Each record should be given again exactly as it appears, with no image included.

Short text fragments from websites:
=-=-=

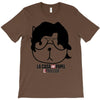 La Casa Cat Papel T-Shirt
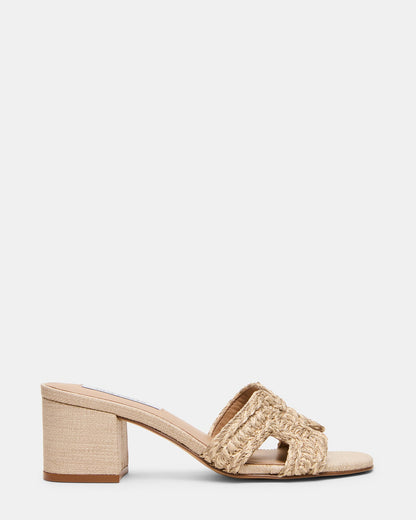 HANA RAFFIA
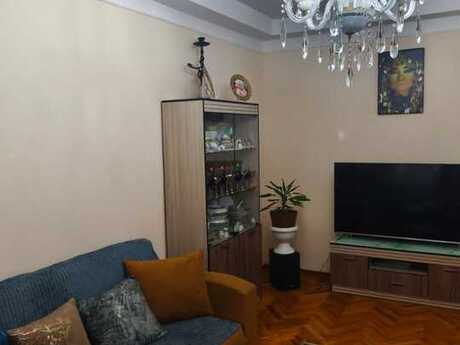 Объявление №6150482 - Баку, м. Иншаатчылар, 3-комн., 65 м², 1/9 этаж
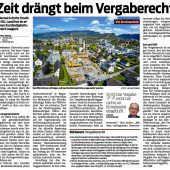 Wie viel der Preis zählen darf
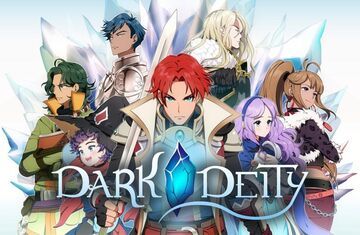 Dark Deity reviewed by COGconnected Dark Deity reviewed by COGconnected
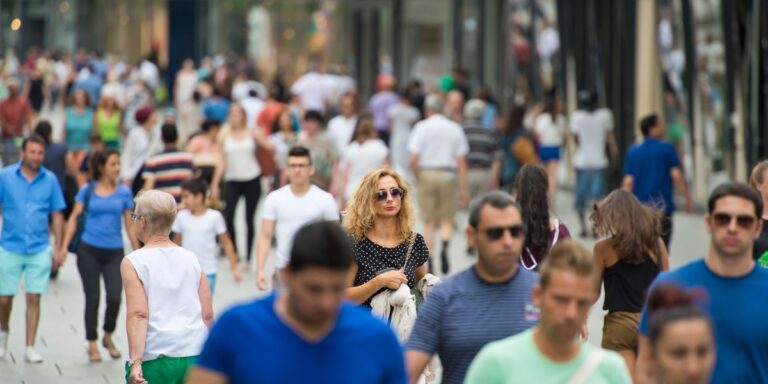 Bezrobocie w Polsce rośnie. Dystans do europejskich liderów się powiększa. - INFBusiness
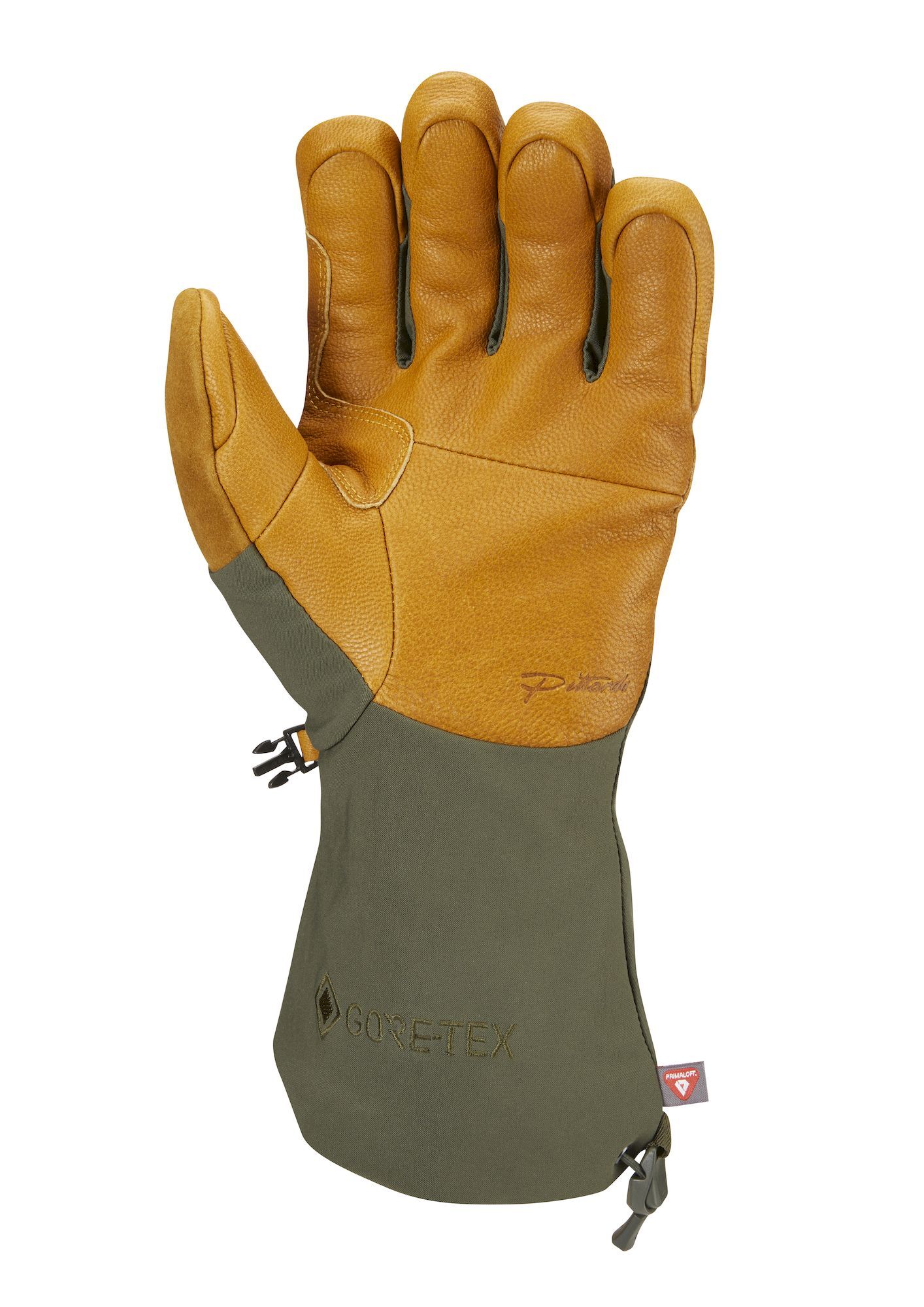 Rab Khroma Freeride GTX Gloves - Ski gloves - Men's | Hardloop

=-=-=

- _Exercise response_:
 La Casa Cat Papel T-Shirt
 HANA RAFFIA
 Объявление №6150482 - Баку, м. Иншаатчылар, 3-комн., 65 м², 1/9 этаж
 Wie viel der Preis zählen darf
 Dark Deity reviewed by COGconnected Dark Deity reviewed by COGconnected
 Bezrobocie w Polsce rośnie. Dystans do europejskich liderów się powiększa. - INFBusiness
 Rab Khroma Freeride GTX Gloves - Ski gloves - Men's | Hardloop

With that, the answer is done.